Emmy Pérez graduated from Columbia University (MFA) and the University of Southern California (BA). Pérez received a 2022 United States Artist Fellowship and has been honored with awards from the National Endowment for the Arts, Poets Laureate Fellowship, and others. She is a professor and department chair at the University of Texas Rio Grande Valley, where she teaches in the creative writing MFA and undergraduate programs. Pérez has also co-founded Poets Against Walls and actively mentors students while engaging in community-based writing programs.

Viktorija Bilić, Ph.D., is an Associate Professor and Chair of Translation and Interpreting Studies at the University of Wisconsin-Milwaukee. She holds an M.A. and Ph.D. in Translation Studies from the University of Heidelberg, specializing in German, English, Spanish, and Croatian. She teaches workshops in German-English translation, literary translation, and computer-assisted tools. Her research focuses on historical translation and pedagogy. In the past five years, she has published two books, four articles, and presented at over two dozen national and international conferences.

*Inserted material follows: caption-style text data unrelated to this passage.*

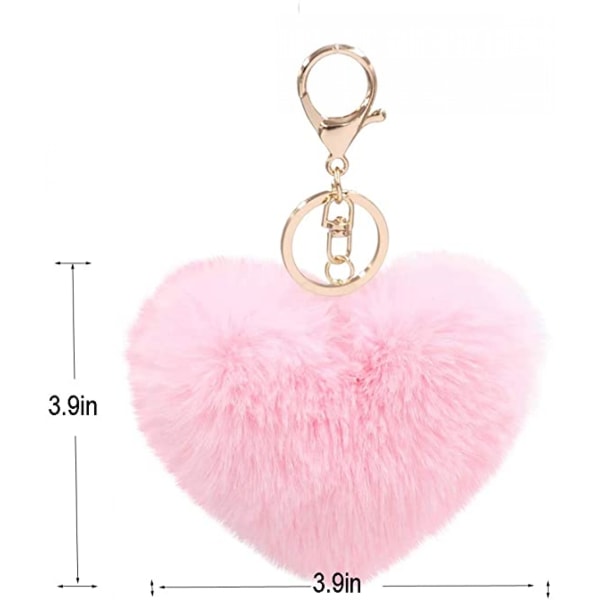 Kvinnors hjärta Puffball Nyckelring Fuskpäls Pom Pom Nyckelhållare Väska Tillbehör Nyckelring Ryggsäck Berlocker för tjejer--rosa
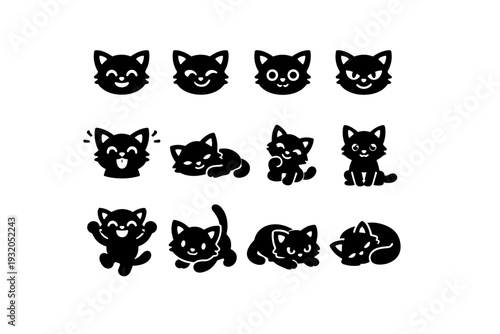 Kitten Mood. Solid icon set of Kitten Mood: happy kitten face, playful grin, curious eyes, mischievous look, excited ears, relaxed flop, cheeky pose, attention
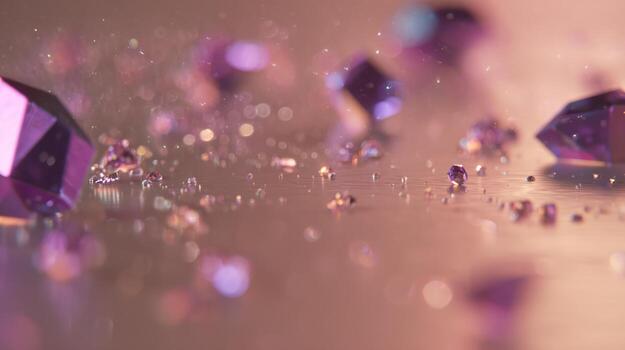 Abstract macro shot of glittering purple gems and sparkling particles photo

Ekaputra Tupamahu, Ph.D., is an associate professor of New Testament at Portland Seminary and George Fox University, earning his PhD from Vanderbilt University in 2019. His research focuses on the politics of language, race theory, postcolonial studies, and global Christianity, particularly the Pentecostal/Charismatic movement. Oxford University Press published his 2022 book Contesting Languages, and his work has appeared in various scholarly journals. Tupamahu has received several fellowships and serves on committees within the Society of Biblical Literature.